Chris P...that was very naughty of you  to do that. 
 I hope you are enamoured with the result


----------



## Chris P Bacon (Feb 14, 2022)

Mizmo said:


> Chris P...that was very naughty of you  to do that.
> I hope you are enamoured with the result


Actually, I think that I'm feeling enamored with you!
Maybe it's just the day but maybe it's something _more_!?
N'est ce pas?


----------



## Mizmo (Feb 14, 2022)

Chris P Bacon said:


> Actually, I think that I'm feeling enamored with you!
> Maybe it's just the day but maybe it's something _more_!?
> N'est ce pas?




Hahaha...I think we will just leave it up to  this  enamoured day of romance mon ami..it will pass...eh non?


----------



## Chris P Bacon (Feb 14, 2022)

Mizmo said:


> Hahaha...I think we will just leave it up to  this  enamoured day of romance mon ami..it will pass...eh non?


Me oui, merci becoup!


----------



## Kaila (Feb 14, 2022)

Jace said:


> Today be enamored of something!


Great advice!
Today, I will keep an eye out, for _something I could possibly be *enamored* with!  _


----------



## Mizmo (Feb 14, 2022)

Kaila said:


> Great advice!
> Today, I will keep an eye out, for _something I could possibly be *enamored* with!  _



just keep an eye out for ChrisP....he* and* his car are enamoured


----------



## palides2021 (Feb 14, 2022)

Are you enamored with love, or do you love to be enamored?


----------



## Kaila (Feb 14, 2022)

palides2021 said:


> Are you enamored with love, or do you love to be enamored?

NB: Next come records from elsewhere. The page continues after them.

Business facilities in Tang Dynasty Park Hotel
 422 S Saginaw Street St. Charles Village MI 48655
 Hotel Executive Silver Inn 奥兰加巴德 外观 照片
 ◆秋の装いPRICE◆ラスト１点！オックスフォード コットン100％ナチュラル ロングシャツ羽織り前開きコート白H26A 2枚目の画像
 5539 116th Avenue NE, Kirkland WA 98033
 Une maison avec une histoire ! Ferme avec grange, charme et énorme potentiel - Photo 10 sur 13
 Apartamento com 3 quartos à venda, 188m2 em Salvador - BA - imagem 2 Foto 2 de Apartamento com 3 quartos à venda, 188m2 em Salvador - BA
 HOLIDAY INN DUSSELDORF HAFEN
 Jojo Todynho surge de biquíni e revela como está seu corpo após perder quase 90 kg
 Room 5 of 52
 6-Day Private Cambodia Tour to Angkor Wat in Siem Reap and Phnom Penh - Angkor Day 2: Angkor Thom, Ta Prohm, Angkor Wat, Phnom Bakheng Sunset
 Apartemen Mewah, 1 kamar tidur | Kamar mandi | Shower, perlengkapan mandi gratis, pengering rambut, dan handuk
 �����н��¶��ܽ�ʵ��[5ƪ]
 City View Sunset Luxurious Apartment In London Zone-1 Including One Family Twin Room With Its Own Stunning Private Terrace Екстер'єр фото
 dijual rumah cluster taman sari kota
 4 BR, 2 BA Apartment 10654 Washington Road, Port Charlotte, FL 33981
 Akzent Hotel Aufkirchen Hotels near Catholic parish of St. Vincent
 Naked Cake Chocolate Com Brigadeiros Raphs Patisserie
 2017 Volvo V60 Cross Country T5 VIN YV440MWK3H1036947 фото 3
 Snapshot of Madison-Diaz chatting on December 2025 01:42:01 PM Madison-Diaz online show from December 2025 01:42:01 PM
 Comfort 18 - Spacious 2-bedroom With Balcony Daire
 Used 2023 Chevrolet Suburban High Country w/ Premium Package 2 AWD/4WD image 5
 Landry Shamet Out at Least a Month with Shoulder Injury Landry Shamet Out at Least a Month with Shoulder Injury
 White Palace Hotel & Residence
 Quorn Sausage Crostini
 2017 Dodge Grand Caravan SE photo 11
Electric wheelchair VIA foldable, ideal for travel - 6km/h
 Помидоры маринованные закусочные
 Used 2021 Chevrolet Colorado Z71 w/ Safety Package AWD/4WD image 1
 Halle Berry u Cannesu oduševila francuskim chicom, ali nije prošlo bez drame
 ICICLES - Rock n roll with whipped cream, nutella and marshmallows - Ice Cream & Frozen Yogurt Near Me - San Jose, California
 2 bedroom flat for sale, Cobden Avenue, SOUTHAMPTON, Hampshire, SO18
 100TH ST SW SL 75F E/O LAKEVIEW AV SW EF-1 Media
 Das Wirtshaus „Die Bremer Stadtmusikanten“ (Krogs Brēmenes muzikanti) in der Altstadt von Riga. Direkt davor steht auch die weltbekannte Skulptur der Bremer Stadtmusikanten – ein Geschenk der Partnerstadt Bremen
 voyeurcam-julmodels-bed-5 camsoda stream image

Either one would be fine; thanks for asking.


----------



## Kaila (Feb 14, 2022)

Mizmo said:


> just keep an eye out for ChrisP....he* and* his car are enamoured View attachment 208595



Well, since the car is _enamored, _they will both be easy to spot! 

 _There goes ChrisP !_


----------



## hollydolly (Feb 14, 2022)

I'm totally enamoured by my new clothing I bought this week ready for summer when it gets here....


----------



## RubyK (Feb 14, 2022)

I recently became _enamored_ of Andre Rieu from Holland and his delightful orchestra. His shows on YouTube are wonderfully entertaining.


----------